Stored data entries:
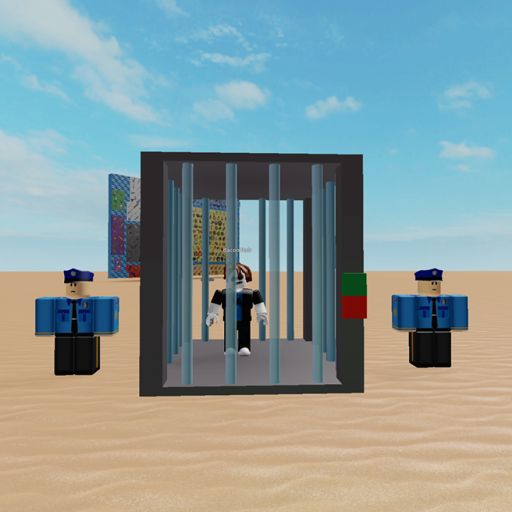 Survive Bacon Hair in Jail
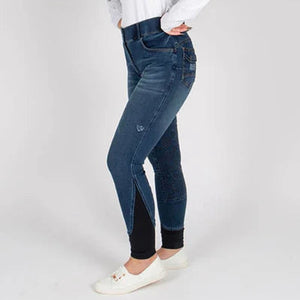Bare Heritage Denim Breeches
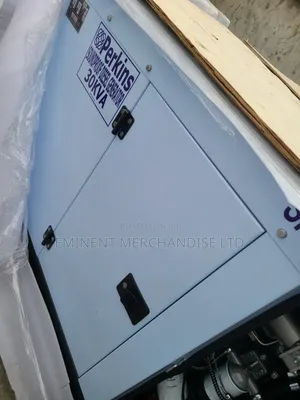UK Perkins Soundproof 30kva
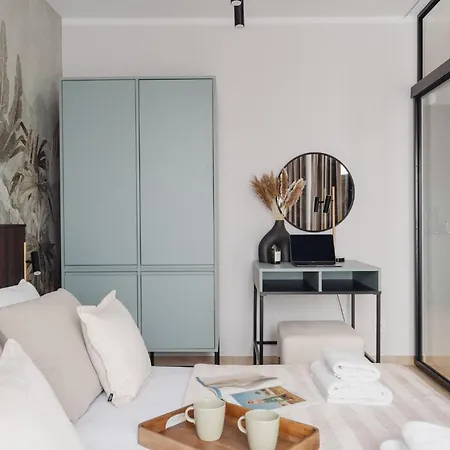 Aparthotel Muse - Loftaffair Collection *
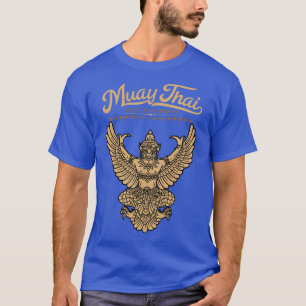 The Garuda Sak Yant Muay Thai Boran T-Shirt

> ACTION ITEM: With the images excluded, all entries are to be given again exactly.

> REPLY:
 Survive Bacon Hair in Jail
Bare Heritage Denim Breeches
UK Perkins Soundproof 30kva
 Aparthotel Muse - Loftaffair Collection *
 The Garuda Sak Yant Muay Thai Boran T-Shirt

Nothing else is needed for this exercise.